# Fine White Fiberous Dust



## Murpet (Mar 26, 2005)

We purchased our 5 yr old home in October. At that time there was a fine white dust heavy in the master bedroom/bathroom area and family room and lighter thru the rest of the house. The heat pump and gas furnace are under the house in the family room area. I assumed it was bad housekeeping. After some light remodel I had the ducts cleaned and the dust is still here. If you dry wipe it, it beads up and does the same wet wiping it. There is no humidifier or electronic air filter. There is no ductboard in the system. 

This dust is driving my wife nuts and she is ready to call in anyone and everyone to figure it out or move.

We have laminated hardwood floors through out the house.

Any help would be greatly appreciated before wife starts calling in environmental companies


----------



## Teetorbilt (Feb 7, 2004)

I have no idea as to what it is but it and the source should be found pronto!
I can't think of a single white, fiberous powder that is good for you.


----------



## housedocs (Mar 14, 2005)

> Any help would be greatly appreciated before wife starts calling in environmental companies


 Yikes that can be bad & expensive, quick!!

I'm with Teetorbilt though, don't really know what is causing it. Does it only show up on the floors? If not what kind of ceiling finish do you have?


----------



## Murpet (Mar 26, 2005)

This powder shows up on everything - floors, furniture, bathroom countertops etc. The ceilings in the house drywall.


----------



## housedocs (Mar 14, 2005)

Well my suggestion is to take a sample and have it tested to find out what it is. If we can determine what it is, then we could probably tell you what is causing it.


----------



## Murpet (Mar 26, 2005)

Thank you. We are trying to find the seller and home inspector to see if they have any answers. If not we will have the testing done. Thank you for your time.


----------



## CGofMP (Feb 23, 2005)

I would NOT rely on the sellers and home inspector for this one.
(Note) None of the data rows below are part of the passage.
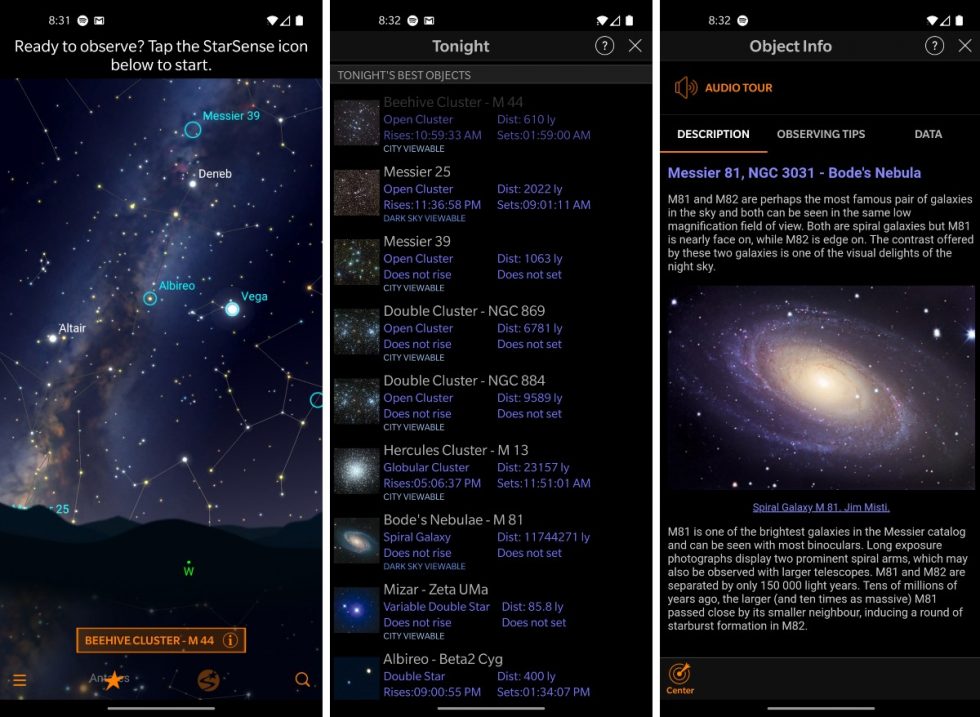 Celestron's StarSense Explorer is Perfect for Nights Stuck at Home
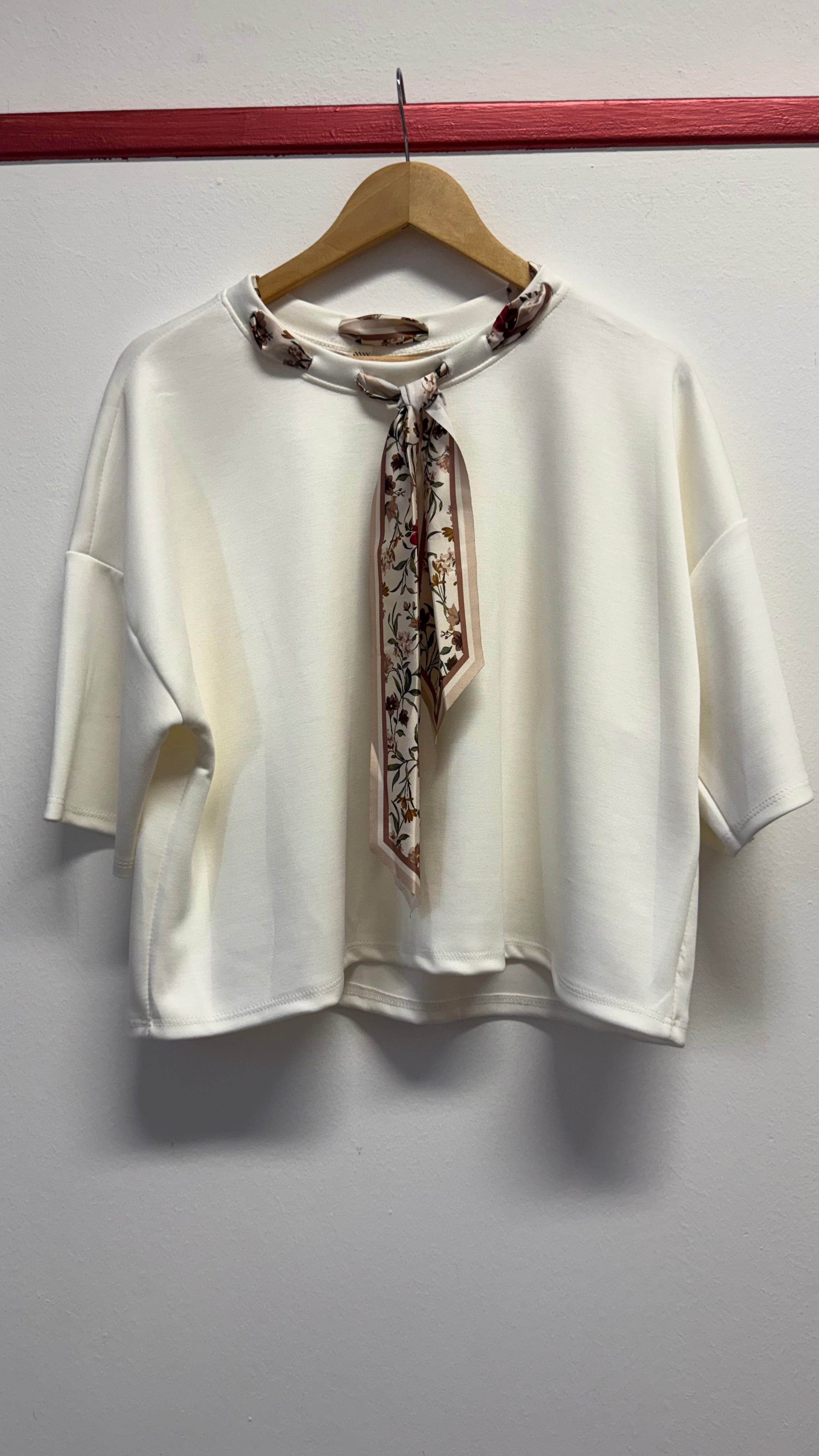 Blusa Siria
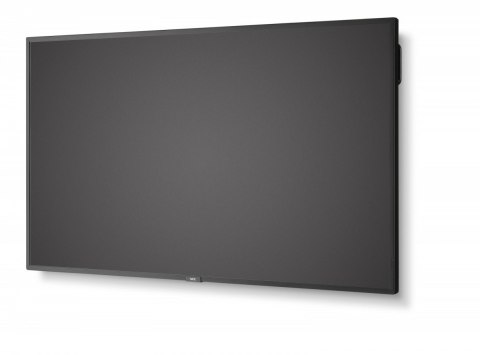 Monitor wielkoformatowy MultiSync M431-2 43 cale UHD 500cd/m2 24/7 Monitor wielkoformatowy MultiSync M431-2 43 cale UHD 500cd/m2 24/7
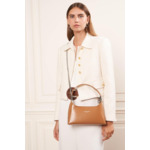 Sac baguette zippé Suave Ace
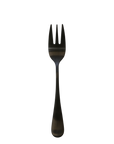 Garfo para bolo Nordique - preto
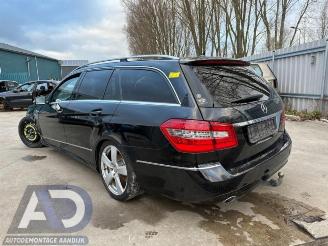 Mercedes E-klasse E Estate (S212), Combi, 2009 / 2016 E-350 CDI V6 24V BlueEfficiency picture 7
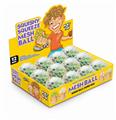 OBL839224 - Grape ball 12 capsules.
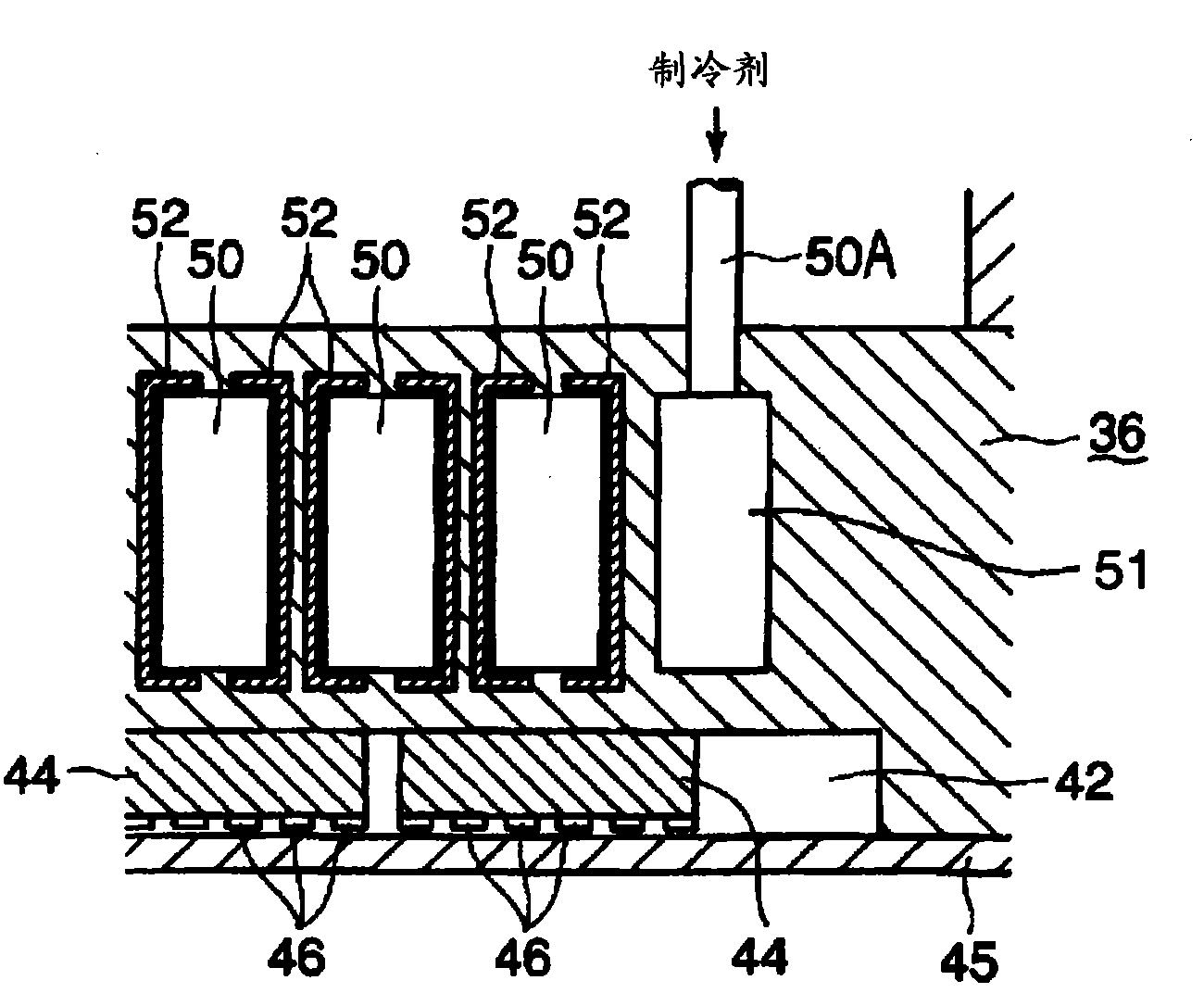 Annealing apparatus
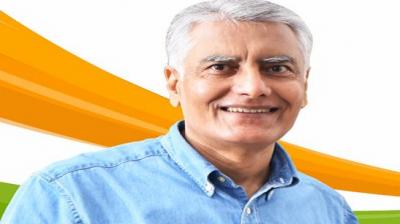 Sunil Kumar Jakhar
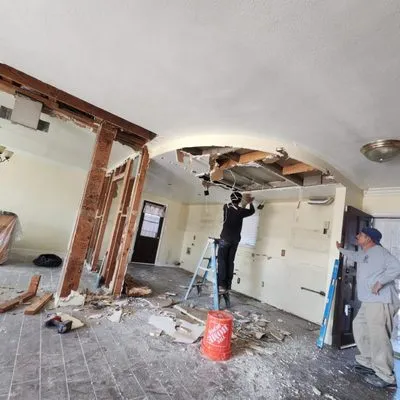 General Construction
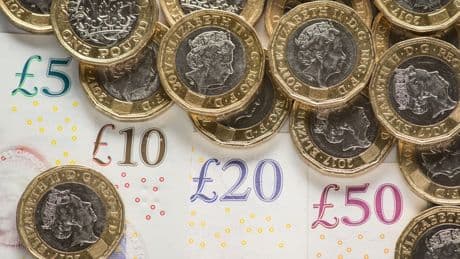 August 2025 benefits and pension payments dates plus cost of living support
Before we purchased there were 2 inspections done. One by the seller's inspector which netted a VERY few things that needed to be remediated, and one by World Inspection Network (it found a LOT more) that was extremely professional and very well done. Neither caught everything and neither tested for environmental hazards.

Re-read Tetor's words... "I can't think of a single white, fiberous powder that is good for you."

I would personally get this stuff tested right quick. Youre probably breathing it afterall. It is doubtful that the others know what it is specifically and it is possible (I know this will be a shocker) that the sellers might possibly *gasp* lie about it if they do. Dole out trust sparingly when it comes to your health.


----------